* **Task prompt**: The answer is the first line of the listing and every line after it through the one containing "If you enjoyed", exact, with pictures removed.

* **Records shown**:

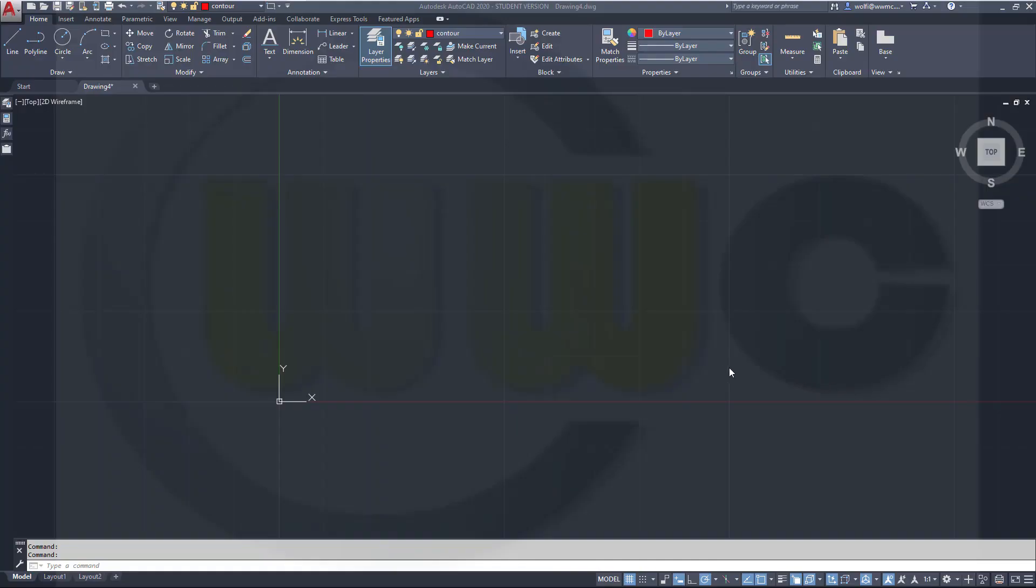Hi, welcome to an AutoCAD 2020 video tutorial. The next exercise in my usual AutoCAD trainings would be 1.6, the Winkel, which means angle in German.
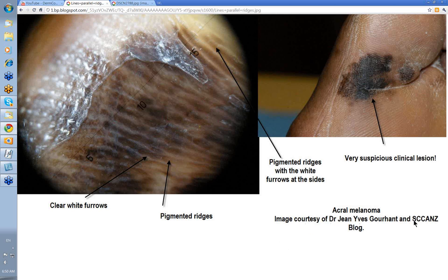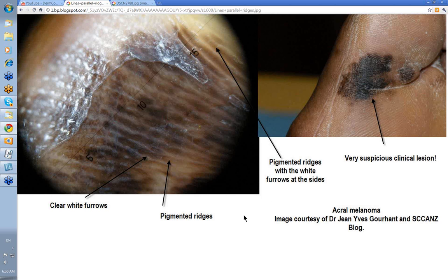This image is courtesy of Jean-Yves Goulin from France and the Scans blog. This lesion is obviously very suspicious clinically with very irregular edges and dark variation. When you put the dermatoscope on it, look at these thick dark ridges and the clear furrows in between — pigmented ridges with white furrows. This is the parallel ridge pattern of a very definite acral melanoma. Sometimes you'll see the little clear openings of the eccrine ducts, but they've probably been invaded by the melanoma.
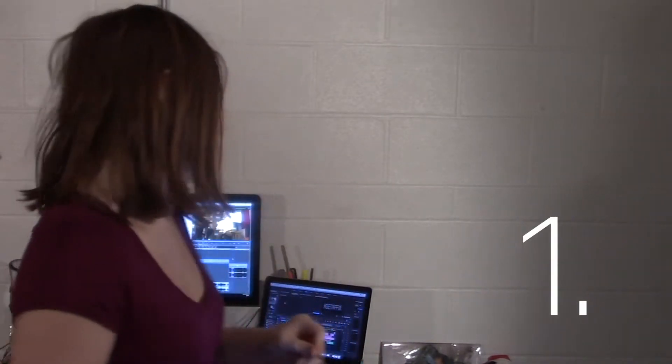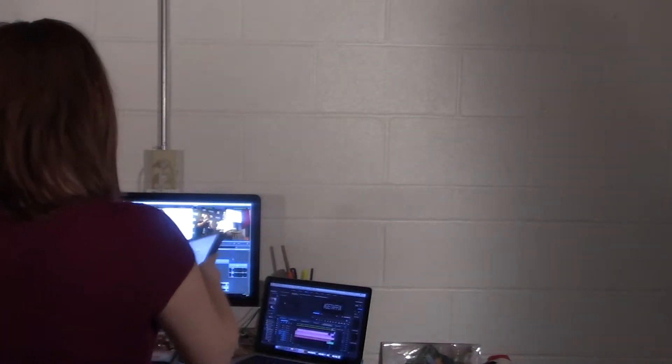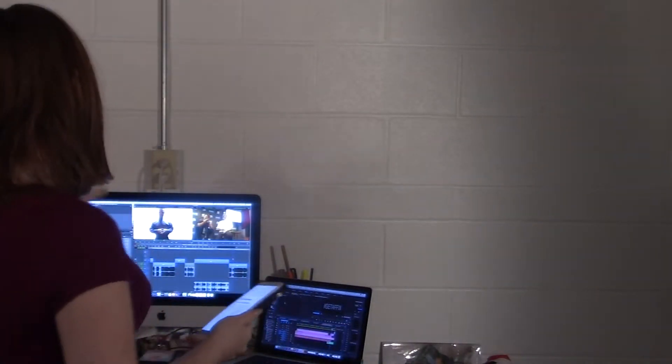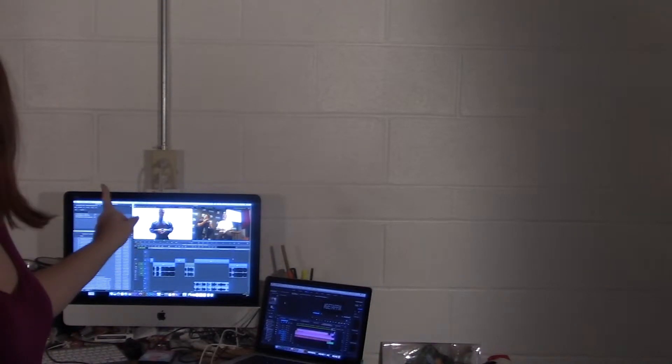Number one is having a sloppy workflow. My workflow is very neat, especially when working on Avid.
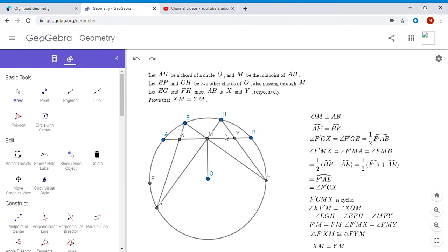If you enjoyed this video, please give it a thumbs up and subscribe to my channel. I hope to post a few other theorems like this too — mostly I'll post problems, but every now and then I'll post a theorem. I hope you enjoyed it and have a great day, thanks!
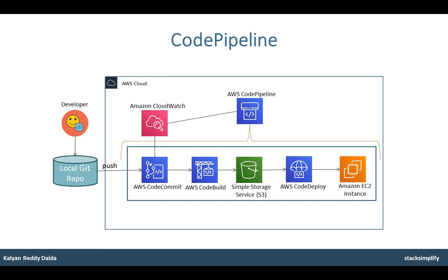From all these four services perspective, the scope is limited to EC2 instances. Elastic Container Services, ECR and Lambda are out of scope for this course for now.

* **Response**:
Hi, welcome to an AutoCAD 2020 video tutorial. The next exercise in my usual AutoCAD trainings would be 1.6, the Winkel, which means angle in German.
This image is courtesy of Jean-Yves Goulin from France and the Scans blog. This lesion is obviously very suspicious clinically with very irregular edges and dark variation. When you put the dermatoscope on it, look at these thick dark ridges and the clear furrows in between — pigmented ridges with white furrows. This is the parallel ridge pattern of a very definite acral melanoma. Sometimes you'll see the little clear openings of the eccrine ducts, but they've probably been invaded by the melanoma.
Number one is having a sloppy workflow. My workflow is very neat, especially when working on Avid.
If you enjoyed this video, please give it a thumbs up and subscribe to my channel. I hope to post a few other theorems like this too — mostly I'll post problems, but every now and then I'll post a theorem. I hope you enjoyed it and have a great day, thanks!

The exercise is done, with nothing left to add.